Your objective: Copy every entry in the listing below exactly, but not the pictures.

[Source data Boundary: Start]

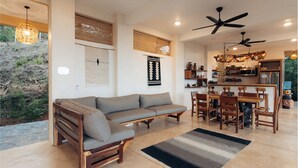 Een moderne woonkamer met een bank, eethoek en keuken.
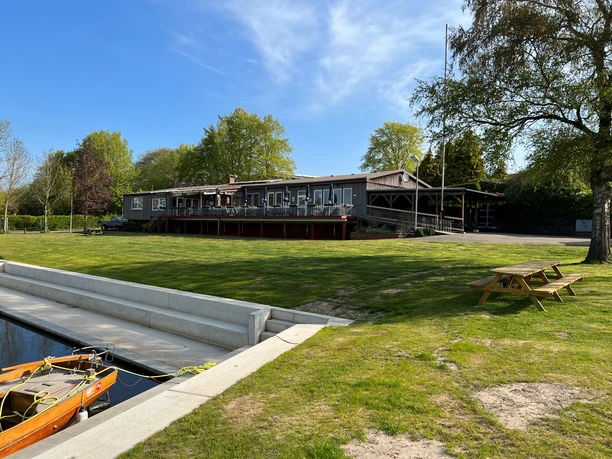 Wassersportverein Verden an einem sonnigen Tag, mit großem Rasen, Bootsanleger und Picknicktisch.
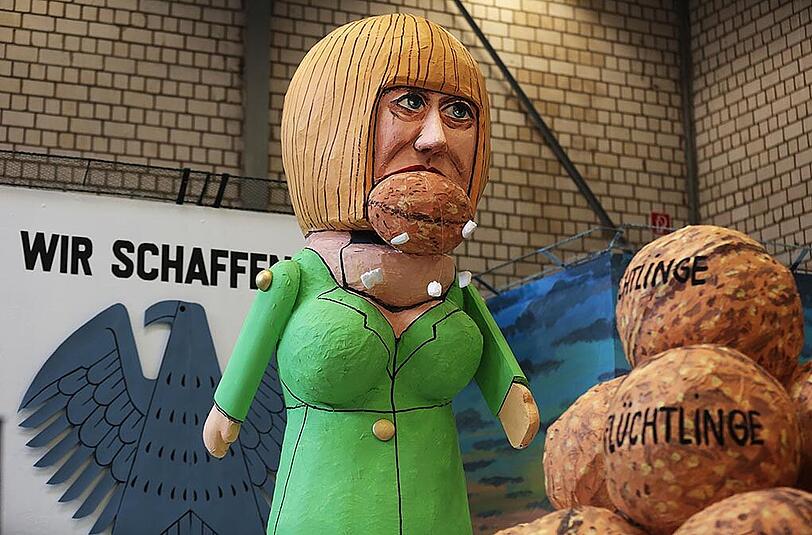 Angela merkel und die Flüchtlinge werden auf diesem Wagen dargestellt.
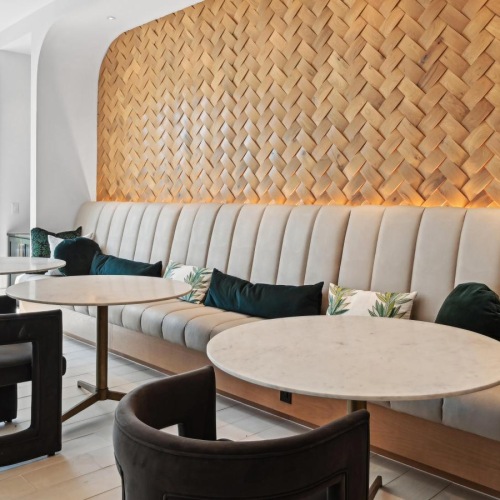 a seating area with small tables and a large window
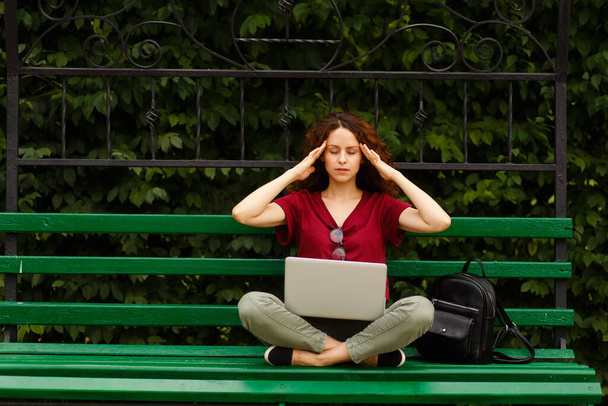 Кучерява молода жінка з закритими очима, працює на ноутбуці, сидить на зеленій лавці в парку гастролює її храмами
. - Фото, зображення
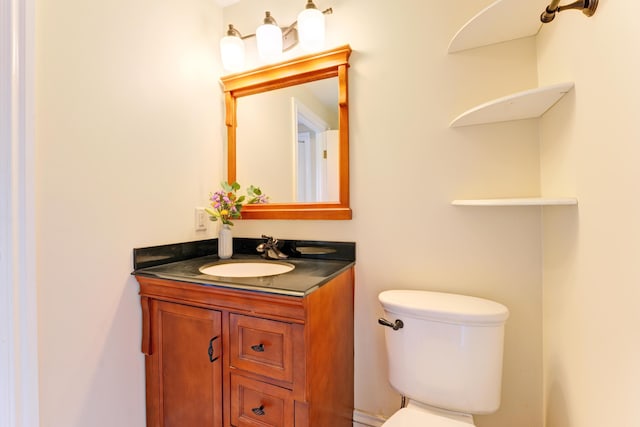 99 Silver St Unit 3-10, Portland, ME 04101 - half bathroom with toilet and vanity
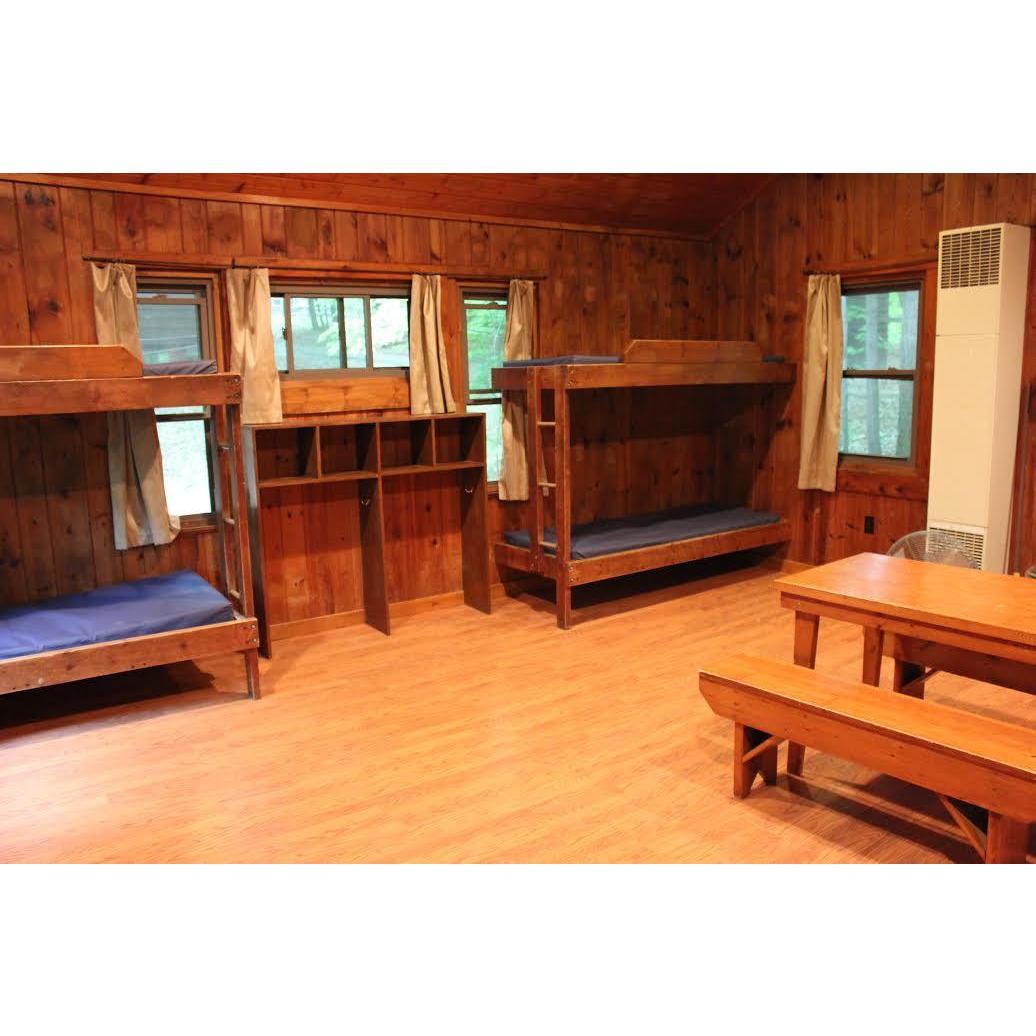 Interior view of the cabins, where you are welcome to stay overnight for $30/cabin. All cabins have a similar interior and fit about eight people. You will need to bring a sleeping bag & pillow.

[Source data Boundary: End]

Solution to the problem:
 Een moderne woonkamer met een bank, eethoek en keuken.
 Wassersportverein Verden an einem sonnigen Tag, mit großem Rasen, Bootsanleger und Picknicktisch.
 Angela merkel und die Flüchtlinge werden auf diesem Wagen dargestellt.
 a seating area with small tables and a large window
 Кучерява молода жінка з закритими очима, працює на ноутбуці, сидить на зеленій лавці в парку гастролює її храмами
. - Фото, зображення
 99 Silver St Unit 3-10, Portland, ME 04101 - half bathroom with toilet and vanity
 Interior view of the cabins, where you are welcome to stay overnight for $30/cabin. All cabins have a similar interior and fit about eight people. You will need to bring a sleeping bag & pillow.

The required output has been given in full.